Fuel efficiency standards are the most obvious way to reform a transportation sector that accounts for about 29 percent of the country's greenhouse gas emissions. The Obama Administration was certainly thinking this when last May it mandated all new cars in America by model year 2016 must get at least 35.5 miles to the gallon.

But what if instead of changing the cars — or, better yet, in addition to that — we changed the way we use them? What if we treated the problem not as an engineering challenge, but a behavioral one?

This controversial idea drew a packed ballroom at the annual meeting of the National Academy of Sciences' Transportation Research Board. Thousands of international transportation geeks huddled this week for hundreds of sessions in a series of Washington hotels largely to mull how we ought to get around in a low-carbon economy.

How do we pay for infrastructure improvements if better fuel economy leads to fewer gas taxes? How do we rebuild roads with greener materials or move drivers off those roads onto even greener public transit? And what do we do when the American Dream that took so many people into the suburbs now bogs them there in congestion?

One phrase that rouses the professionals who think about these problems is "vehicle miles traveled." Some officials have suggested we could improve emissions not just by increasing fuel efficiency, but also by decreasing the miles people drive (and, say, having them live more densely). While we're at it setting targets, we could make VMT reduction one as well. But with its sheen of coercion — telling people how much they can drive, where they can go, and which trips are frivolous — VMT reduction has a lot of detractors.

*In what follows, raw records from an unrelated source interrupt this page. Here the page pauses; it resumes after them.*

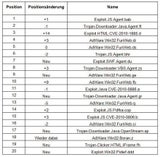 Die gefährlichsten Computer-Viren der Welt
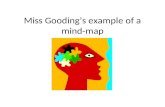Miss Gooding’s example of a mind-map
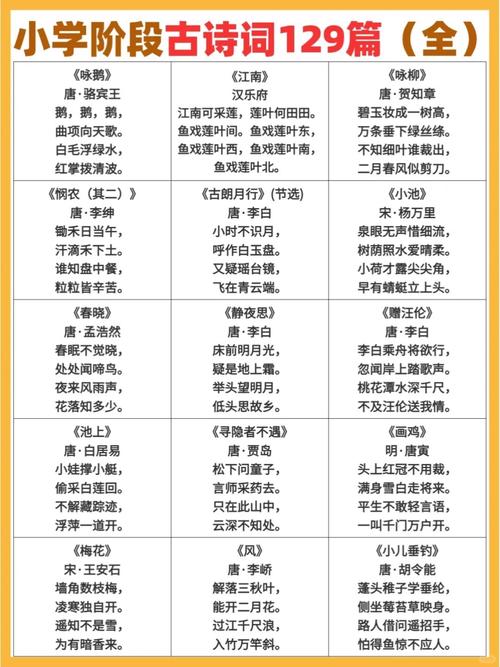 小学生语文古诗词大全，收录多少首？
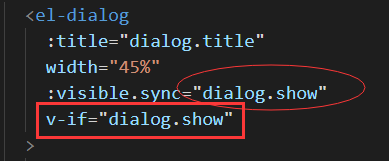 elementui中el-dialog初次打开能调mounted,再次打开不调,v-if解决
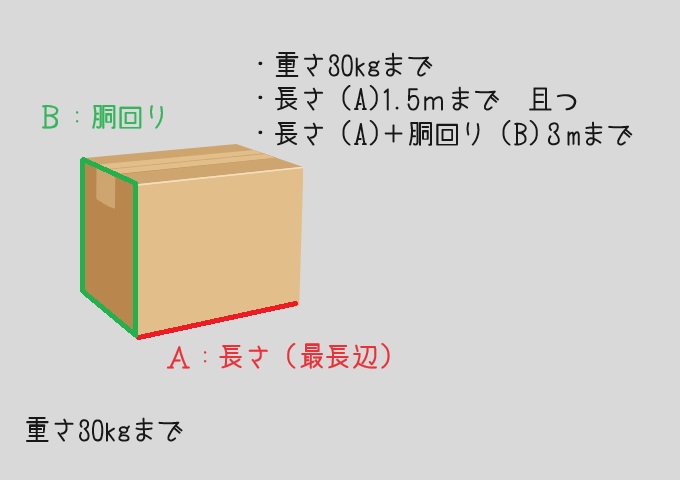 段ボールサイズ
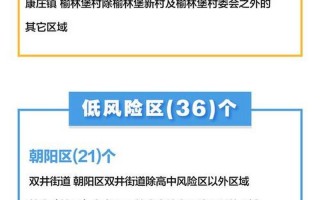 北京那些中高风险地区范围究竟是个啥-附官方疫情地图入口，现在去北京需要什么手续最新-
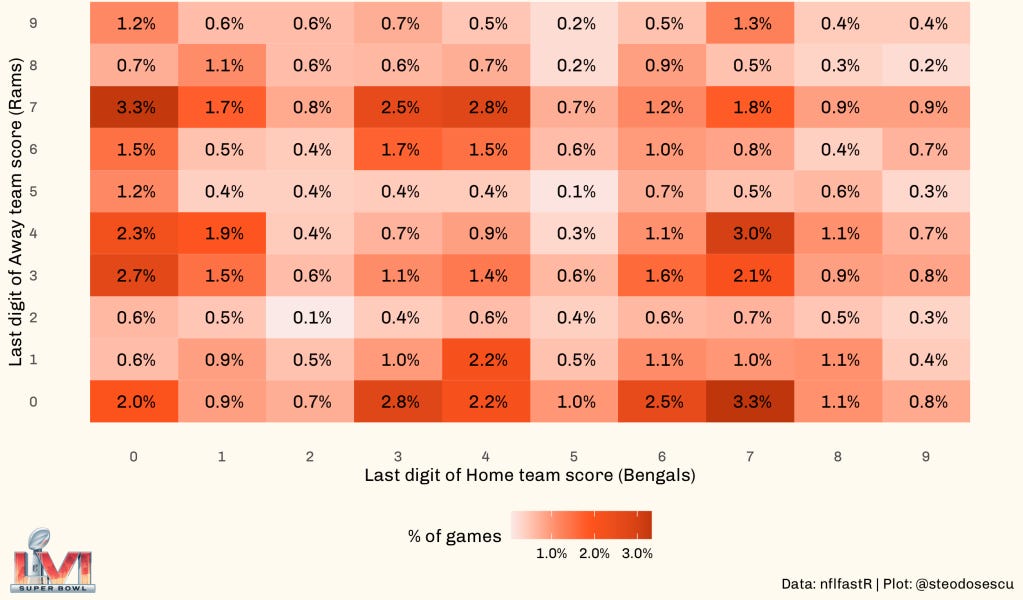 Revisiting Super Bowl squares strategy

Researchers also aren't sure the strategy will yield significant emissions cuts.

Todd Alexander Litman, a VMT proponent with the Victoria Transport Policy Institute, concedes this last point. But, he says, if we look beyond emissions reduction targets, getting drivers to decrease their VMT would have a host of additional benefits making the exercise worthwhile: We'd also improve safety, public health and land-use options, and reduce traffic congestion, fatalities and costs.

Litman looks at our mobility the way an economist considers goods. We get diminishing marginal benefits from driving; some trips we take are essential, while others are not (where the dividing line exists is hard to say). But while the benefits of driving tail off, the cost we pay for fuel doesn't. That means most of us aren't being efficient drivers in an economic sense.

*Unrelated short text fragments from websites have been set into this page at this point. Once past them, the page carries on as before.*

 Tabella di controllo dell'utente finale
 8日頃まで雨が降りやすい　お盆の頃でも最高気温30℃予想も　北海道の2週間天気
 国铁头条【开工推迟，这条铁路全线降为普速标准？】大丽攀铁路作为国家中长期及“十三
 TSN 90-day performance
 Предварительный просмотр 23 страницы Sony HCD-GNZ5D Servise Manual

He suggests that in a market that optimizes social welfare, we'd each be driving about 3,000-5,000 miles a year.

Instead, he says the current market is full of distortions — we don't actually have to pay anything for the congestion we create, or the wear on roads we use, or even often the parking we take for granted (consider these costs to be externalities in the same way a coal plant doesn't have to pay for the pollution it causes). Litman suggests we correct these distortions by, for example, making your state vehicle registration fee dependent on the number of miles you drive, or by charging you more to use certain roads during rush hour.

Critics counter that when people drive less, it hurts the economy, a calculation Litman disputes.

"There's kind of a European model here that cars only belong to the elites, and that somehow we just don't know our place ... that we're supposed to take some kind of a vow of abstinence here," said Alan Pisarski, a transportation consultant who played Litman's foil at the conference.

He also questioned the impacts of a VMT reduction policy on low-income workers, who researchers tell us often have to travel longer distances than higher-income people to get to work.

"How come when black people got to where they could own cars," Pisarski asked, "it suddenly became a bad thing to own cars?"

Or to live on a big lot in the suburbs?

Litman insists behavior change doesn't mean forcing people to forgo something valuable. Many people today don't share the old aspiration of a full four-car garage in the suburbs because gas prices and congestion have made that life unlivable. Pricing the auto market until VMT drops (and more of us live in walkable, denser mixed-use neighborhoods) might, on the other hand, give many people just want they want: less time in the car.